(Recorded information)
----
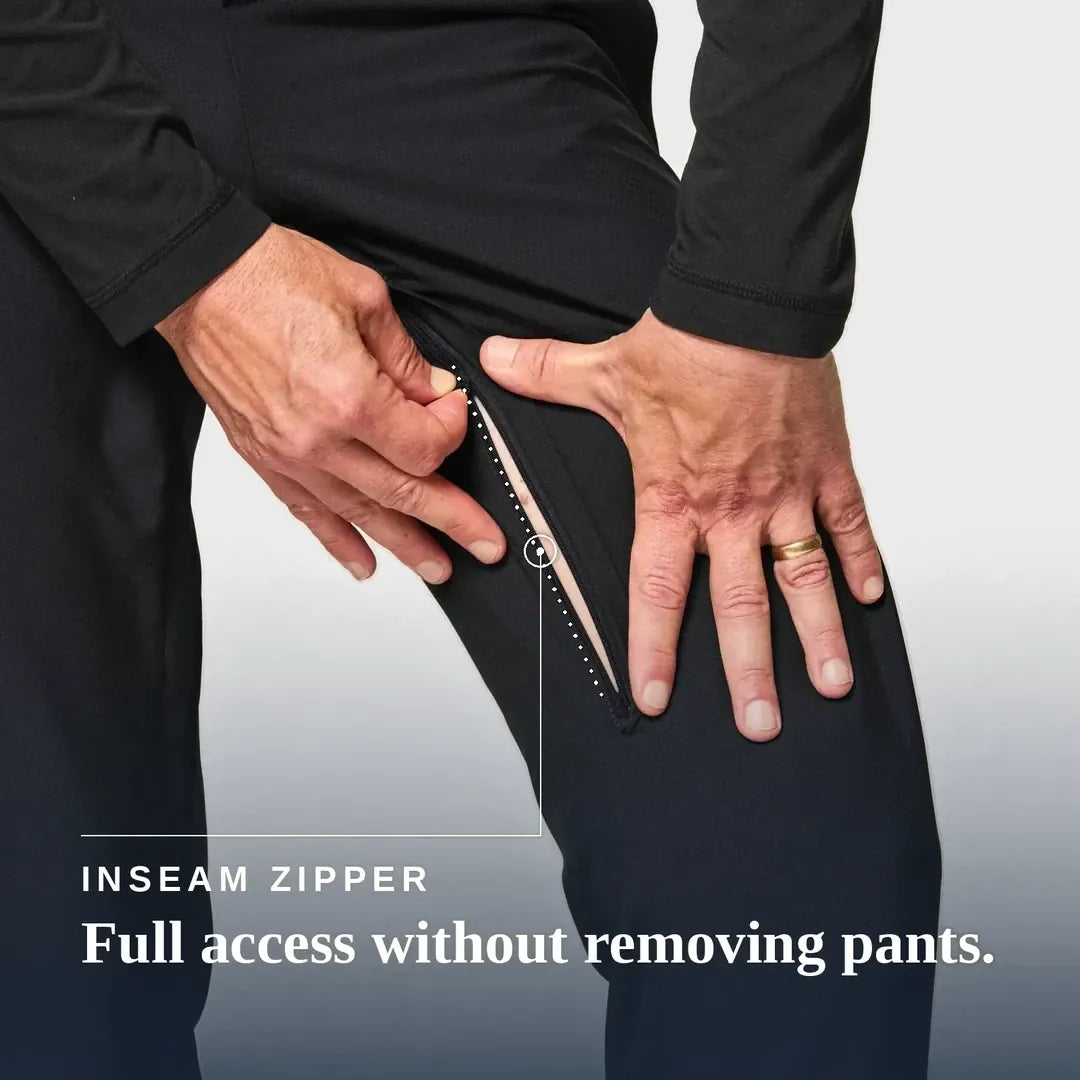 ["Close-up of a person wearing black pants and pulling open an inseam zipper with both hands, with text reading 'INSEAM ZIPPER' and 'Full access without removing pants.'. Joe & Bella CareZips® Men's Adaptive Pants ", "Black"]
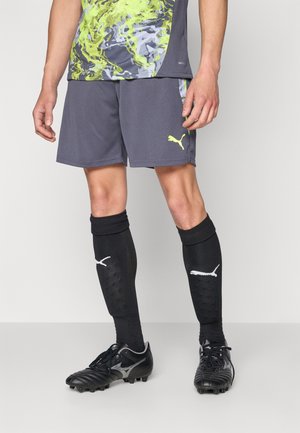Mann trägt schwarze Fußballschuhe, schwarze knielange Puma-Socken, graue Puma-Shorts und ein grün-grau gemustertes Sportshirt.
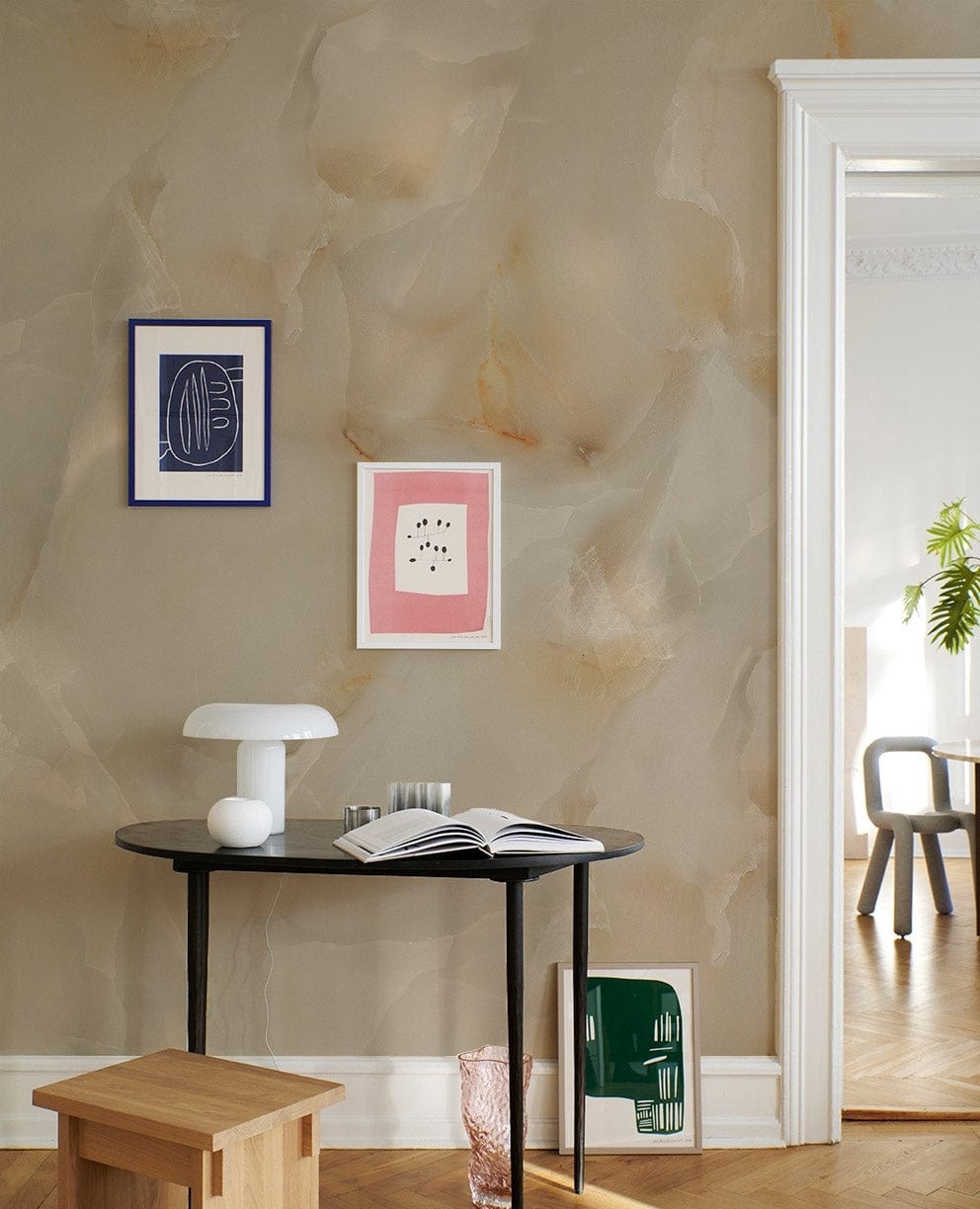 Elegant cream marble effect wallpaper, hallway setting, black console table, stylish wall art, wooden stool.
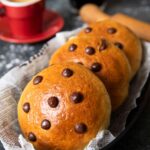 A closet shot of German chocolate buns, served in a bread basket, with an espresso and black coffee.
----
(Your goal) Reproduce the entire listing exactly, except for any pictures it contains.

(Response to the task)
 ["Close-up of a person wearing black pants and pulling open an inseam zipper with both hands, with text reading 'INSEAM ZIPPER' and 'Full access without removing pants.'. Joe & Bella CareZips® Men's Adaptive Pants ", "Black"]
Mann trägt schwarze Fußballschuhe, schwarze knielange Puma-Socken, graue Puma-Shorts und ein grün-grau gemustertes Sportshirt.
 Elegant cream marble effect wallpaper, hallway setting, black console table, stylish wall art, wooden stool.
 A closet shot of German chocolate buns, served in a bread basket, with an espresso and black coffee.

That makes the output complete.